Task item: Write out the data exactly, please, and omit the pictures.
┌────────
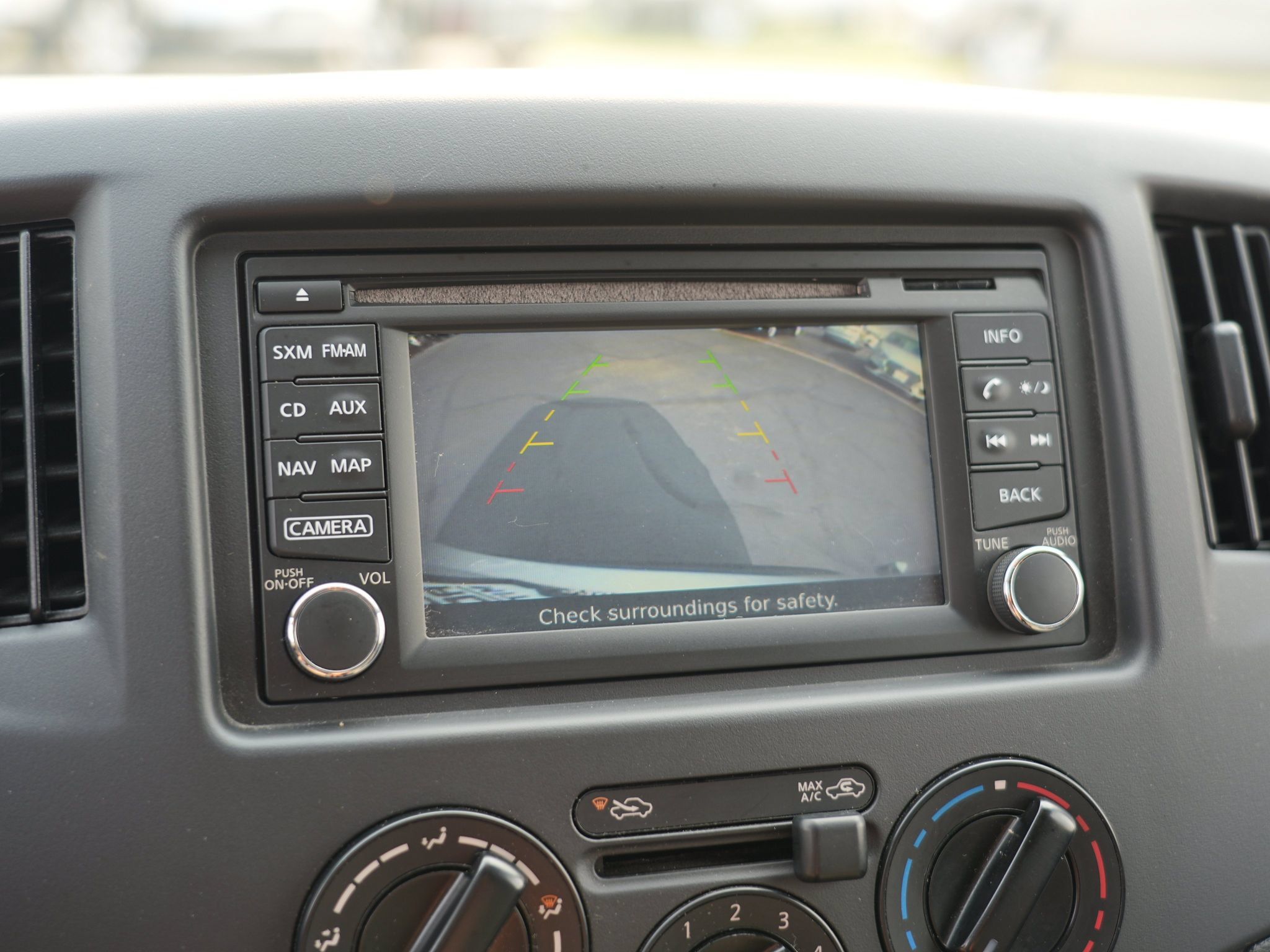 Used 2017 Chevrolet City Express LT w/ Technology Package FWD image 31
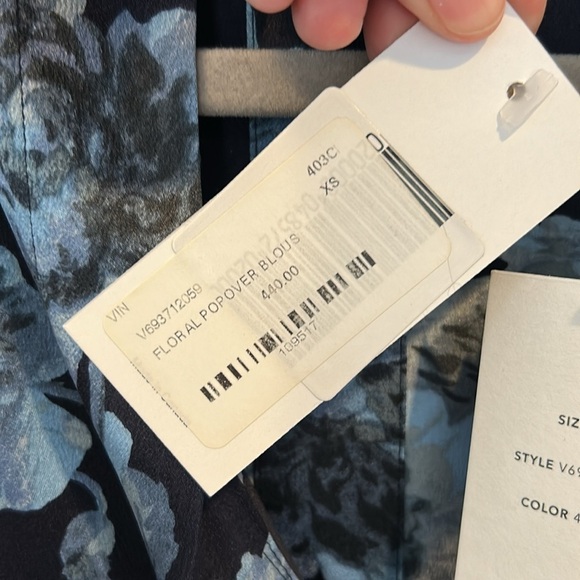 Vince Tapestry Floral Silk Popover Top Blue Black - Picture 7 of 13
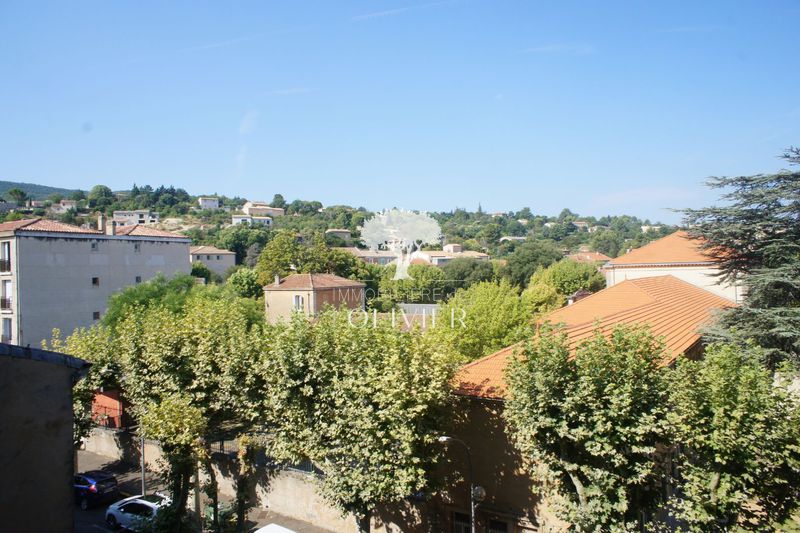 Photo Appartement Apt Proche centre-ville, Location appartement 3 pièces 80 m²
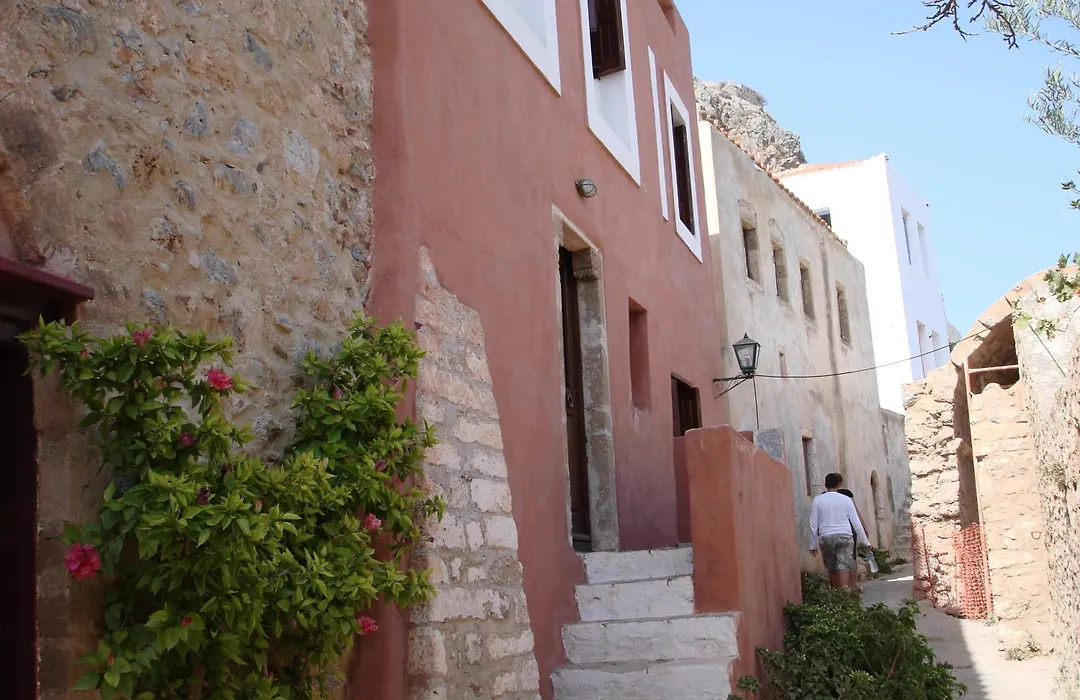Kissamitakis Guesthouse-1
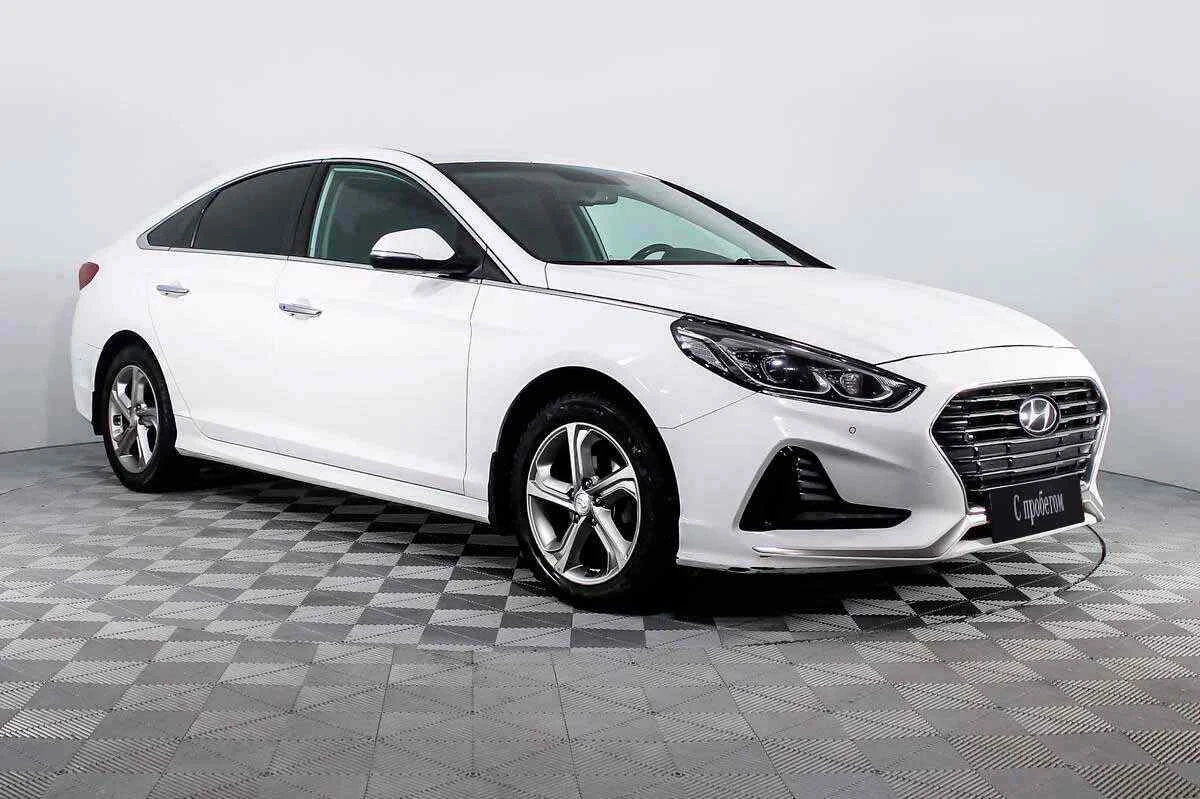 Hyundai Sonata, Белый, 2019, Автоматическая, 150 л.с., цена от 1 315 000 руб.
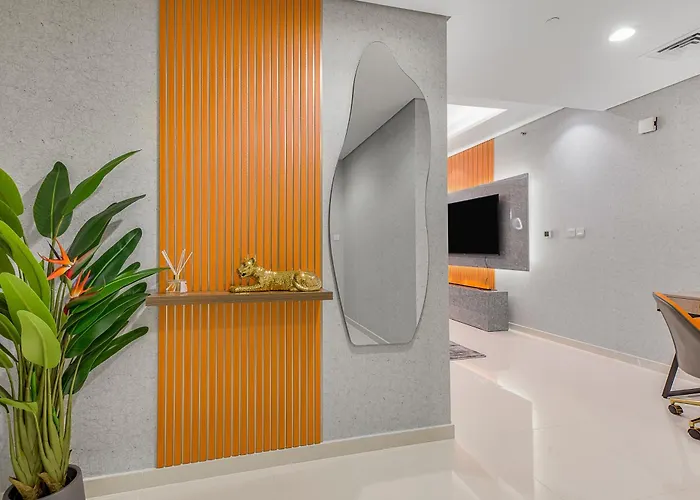 Luxury s With Rooftop Pool In Paramount Hotel Midtown By Aurora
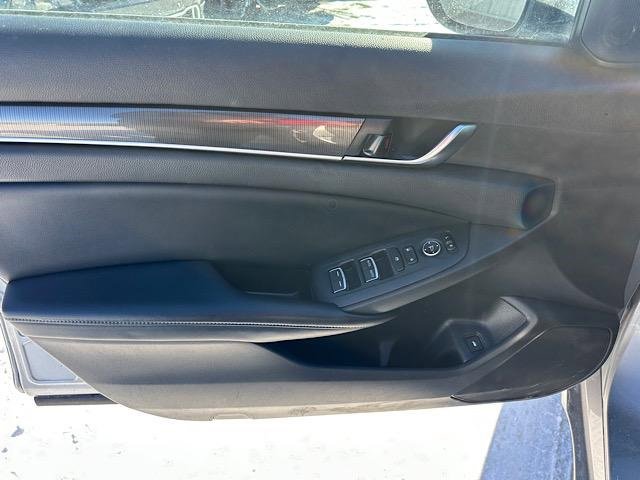 Used 2018 Honda Accord Sport image 17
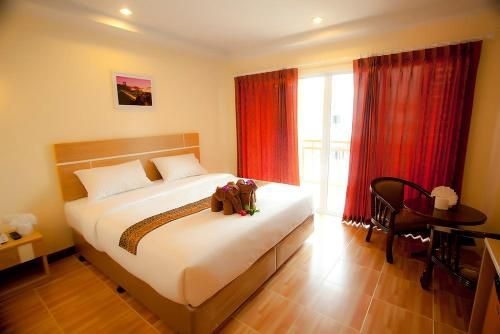 ไอริส เรสซิเดนซ์ พัทยา (Iris Residence Pattaya)1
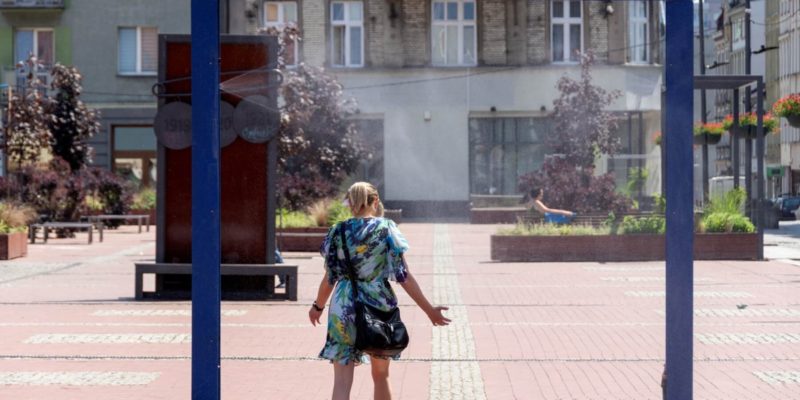 Na upalne dni polecają kurtyny wodne w Bytomiu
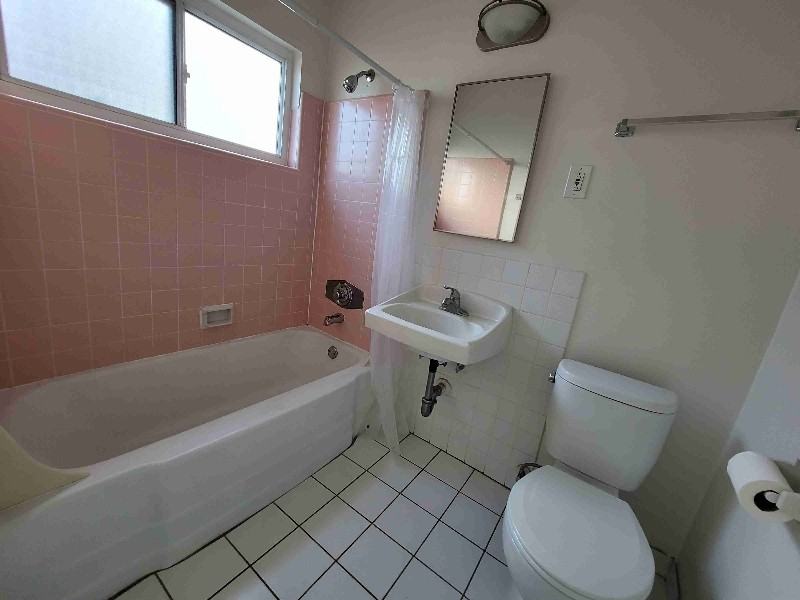 2364 Walgrove Ave #5 - Photo 5 of 6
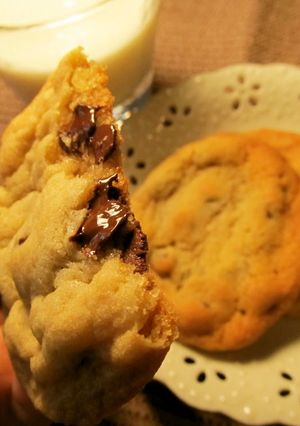 A picture of Moist and Chewy Chocolate Chip Cookie.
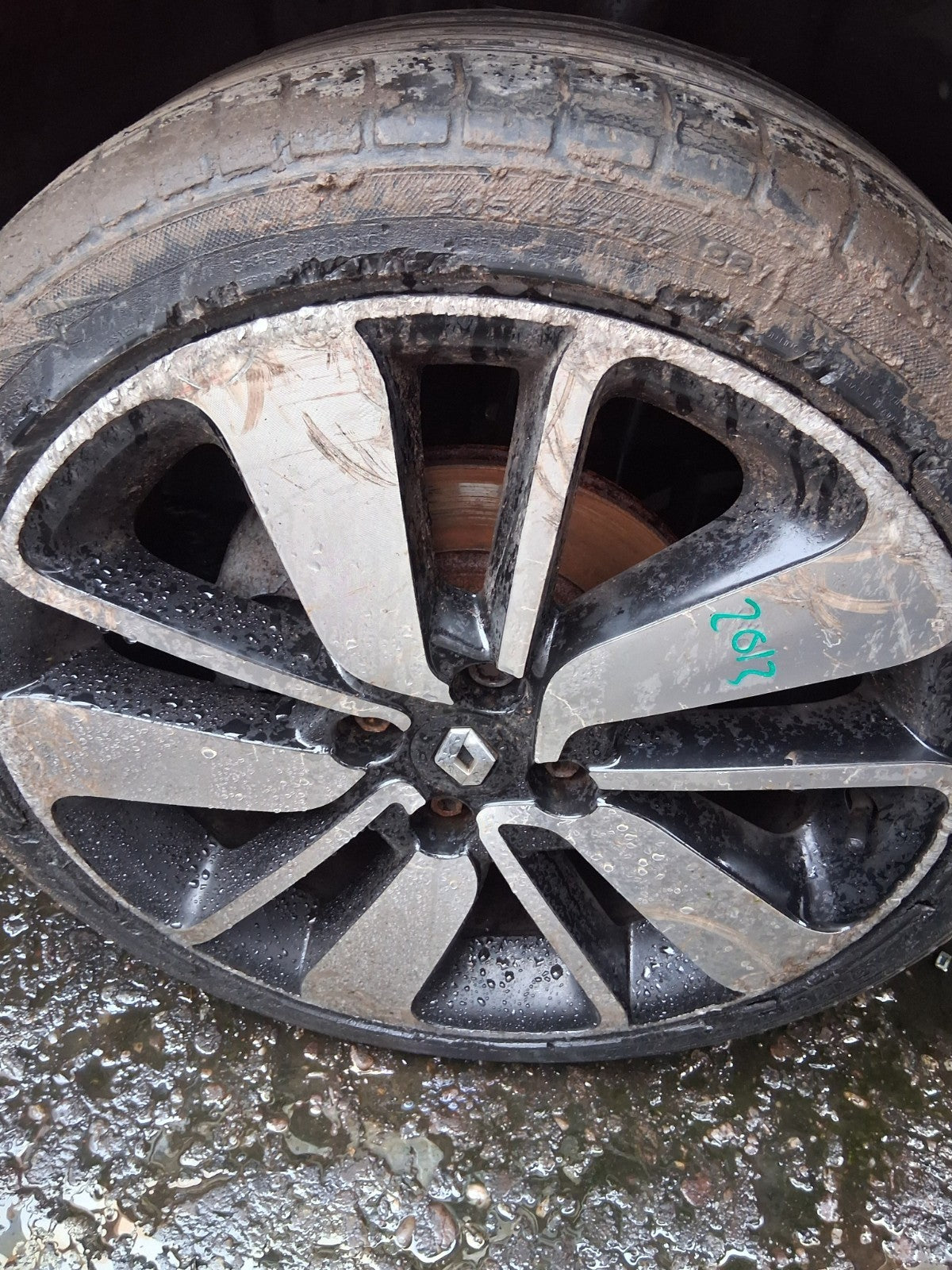 2013 RENAULT CLIO X98 MK4 17 INCH ALLOY WHEEL WITH TYRE 205/45R17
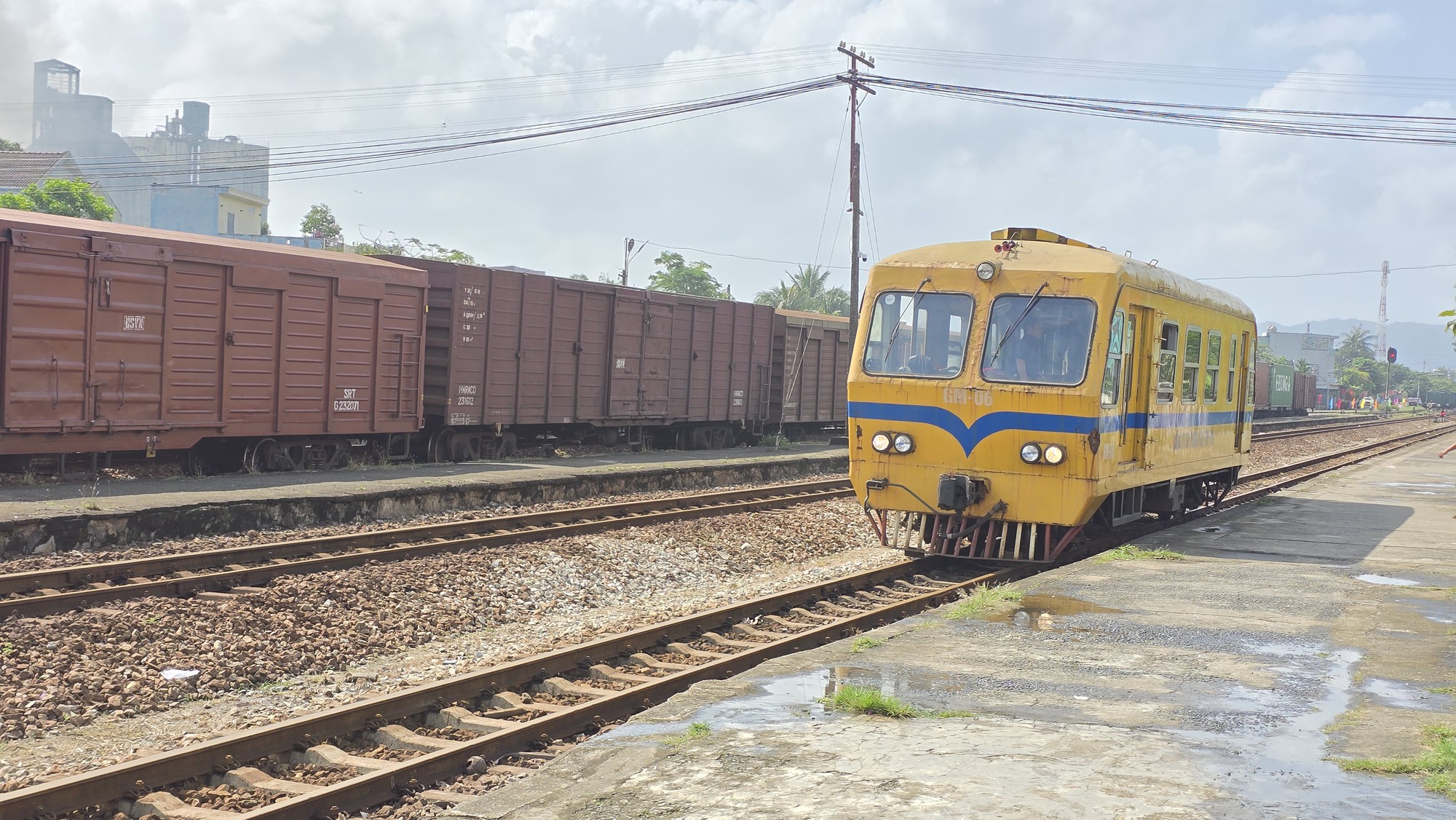 Cục trưởng Cục Đường sắt Việt Nam kiểm tra hiện trường đ&aacute; lăn v&agrave;o đường ray ở đ&egrave;o Hải V&acirc;n- Ảnh 1.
└────────
Solution to this exercise:
 Used 2017 Chevrolet City Express LT w/ Technology Package FWD image 31
 Vince Tapestry Floral Silk Popover Top Blue Black - Picture 7 of 13
 Photo Appartement Apt Proche centre-ville, Location appartement 3 pièces 80 m²
Kissamitakis Guesthouse-1
 Hyundai Sonata, Белый, 2019, Автоматическая, 150 л.с., цена от 1 315 000 руб.
 Luxury s With Rooftop Pool In Paramount Hotel Midtown By Aurora
 Used 2018 Honda Accord Sport image 17
 ไอริส เรสซิเดนซ์ พัทยา (Iris Residence Pattaya)1
 Na upalne dni polecają kurtyny wodne w Bytomiu
 2364 Walgrove Ave #5 - Photo 5 of 6
 A picture of Moist and Chewy Chocolate Chip Cookie.
 2013 RENAULT CLIO X98 MK4 17 INCH ALLOY WHEEL WITH TYRE 205/45R17
 Cục trưởng Cục Đường sắt Việt Nam kiểm tra hiện trường đ&aacute; lăn v&agrave;o đường ray ở đ&egrave;o Hải V&acirc;n- Ảnh 1.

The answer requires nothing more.